Wednesday, June 07, 2006

GOP Arguing Over Specifics Of Estate Tax Repeal


The politics surrounding the proposed repeal of the estate tax (or as the GOPers call it, the "death tax") has come down to two competing versions.

One favors the mega-rich, and exempts all wealth from the estate tax. The other plan exempts only (only?) the first $10 million of wealth and reduce the tax liability of everything over that from the claws of the IRS.

Senate Republicans are divided over whether to eliminate altogether the estate taxes on a small group of U.S. multimillionaires or just sharply reduce their tax liabilities at death.

Senate Majority Leader Bill Frist, a Tennessee Republican, will push this week for a permanent repeal of the tax, which is being temporarily phased out under President George W. Bush's 2001 tax cuts. The Senate is scheduled to begin debate on repeal today and may hold a first vote on the measure tomorrow.

Charles Grassley, the chairman of the Senate Finance Committee, said yesterday that Republicans are three or four votes shy of winning full repeal.

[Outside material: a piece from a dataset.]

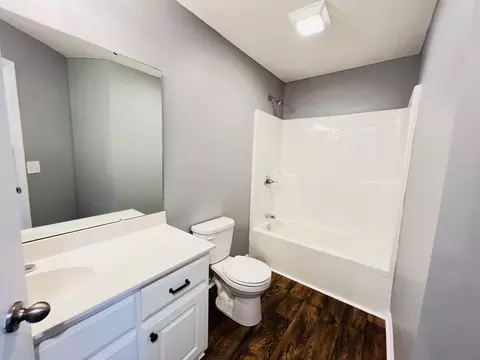 Bath - 1456 Jackson Hollow Rd, Goodspring, TN 38460 photo 6 of 6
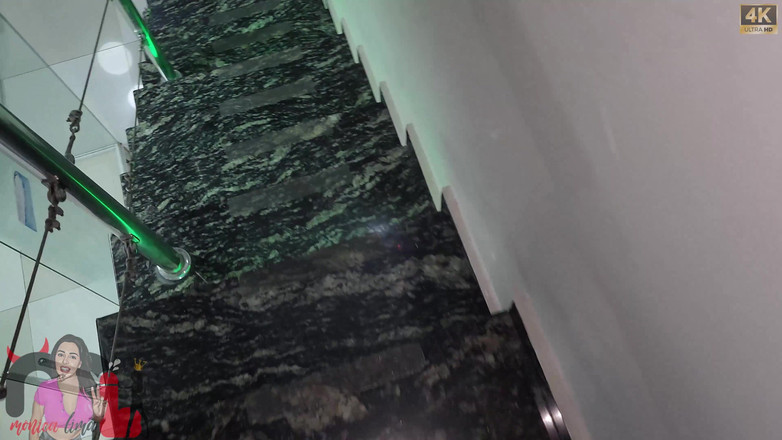 Monica Lima: Zupełnie nowa brunetka znosi gigantycznego kutasa w owłosionej cipce.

He said they may be able to muster the 60 votes needed to pass an alternative measure that would exempt $10 million of a couple's estate from the tax. The plan would subject any amount above that to a 15 percent rate, or 31 percentage points lower than the current top rate of 46 percent...

The bipartisan congressional Joint Committee on Taxation estimated in 2005 that repealing the estate tax would cost the federal government more than $71.6 billion a year in lost revenue by 2015; the Treasury Department estimates the revenue loss at $65.8 billion that year. The alternative proposal to reduce the tax, championed by Arizona Republican Jon Kyl, would cost about $50 billion a year, according to the Tax Policy Center, a non-partisan Washington research institution...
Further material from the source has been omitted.